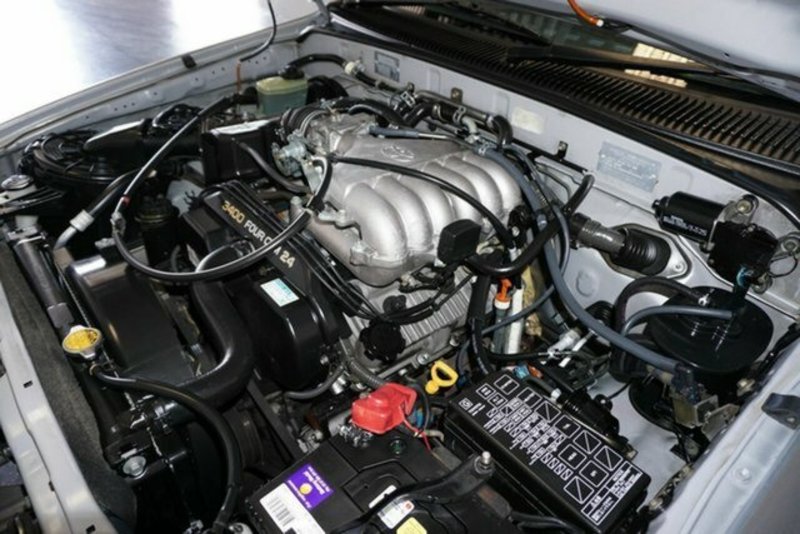 2004 TOYOTA HILUX SR5 (4x4) VZN167R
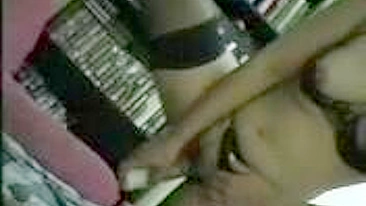 Pornô Caseiro de MILF Latina Amadora - Emi Se Masturbando com Consolos e Brinquedos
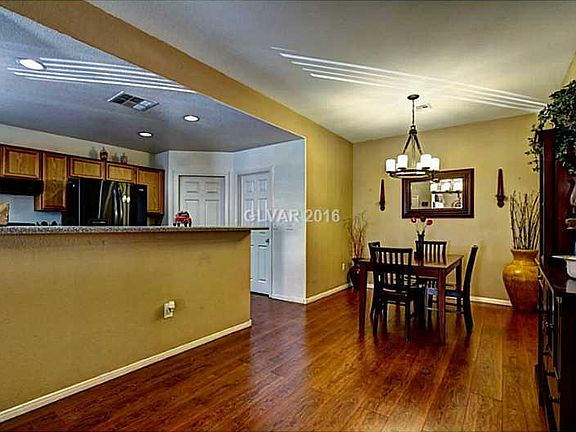 5th image of 4872 Marco Polo St #B
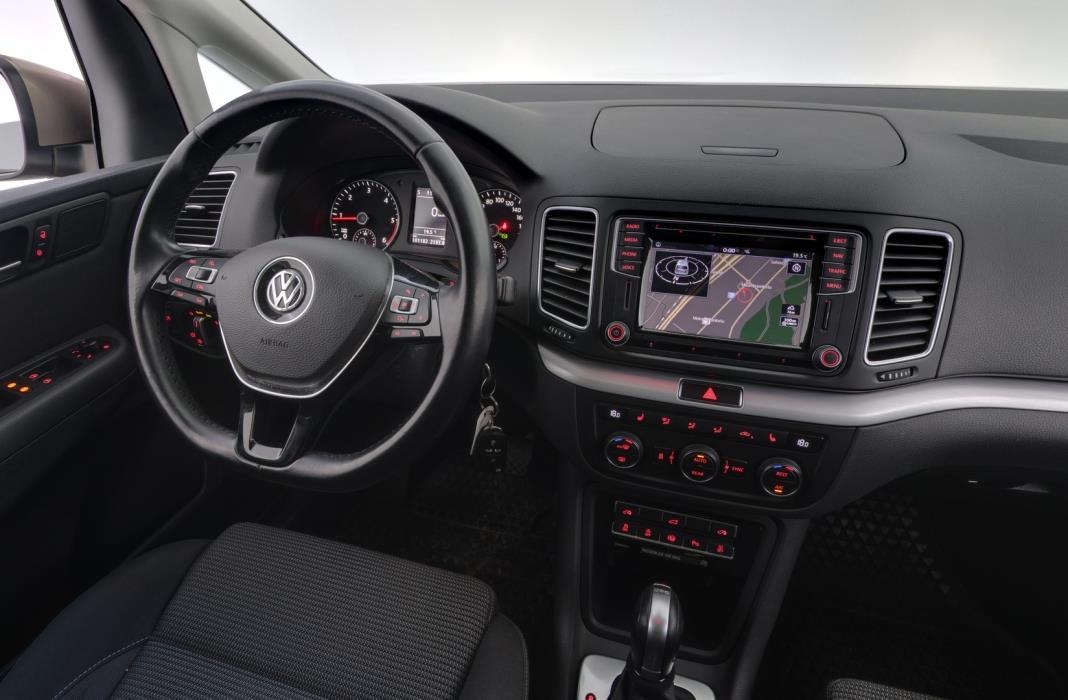 VOLKSWAGEN Sharan 2016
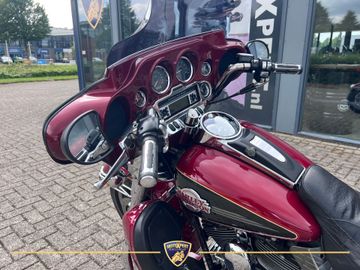 Harley-Davidson Electra Glide Ultra Classic FLHTCU thumbnail 3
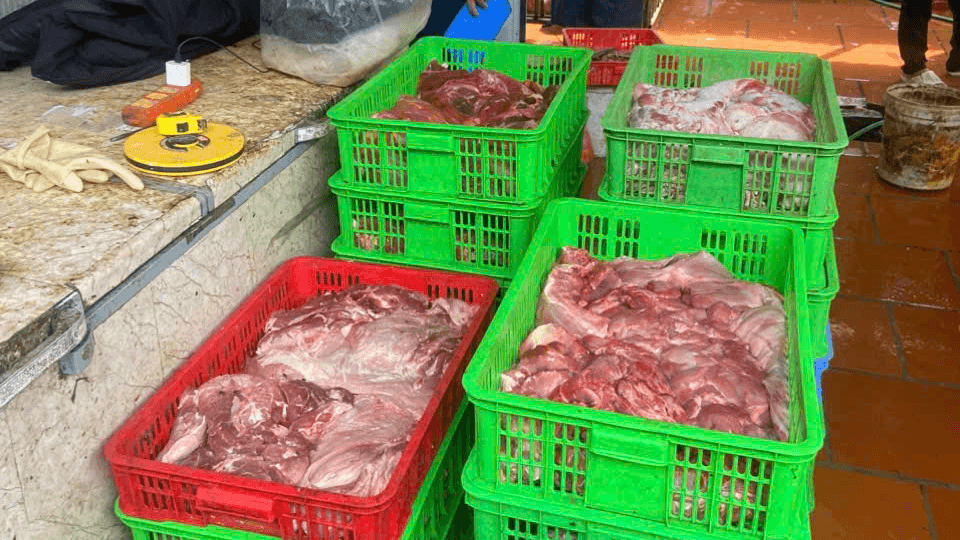 Một số sản phẩm có biểu hiện đổi màu, bốc mùi hôi, nghi mắc bệnh truyền nhiễm. (Ảnh: Cục Quản lý và Phát triển thị trường trong nước)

Task requirements:
Pictures excluded, copy the lines exactly from where the material starts to the line with "Harley-Davidson Electra Glide", inclusive.

Exercise output:
 2004 TOYOTA HILUX SR5 (4x4) VZN167R
 Pornô Caseiro de MILF Latina Amadora - Emi Se Masturbando com Consolos e Brinquedos
 5th image of 4872 Marco Polo St #B
 VOLKSWAGEN Sharan 2016
 Harley-Davidson Electra Glide Ultra Classic FLHTCU thumbnail 3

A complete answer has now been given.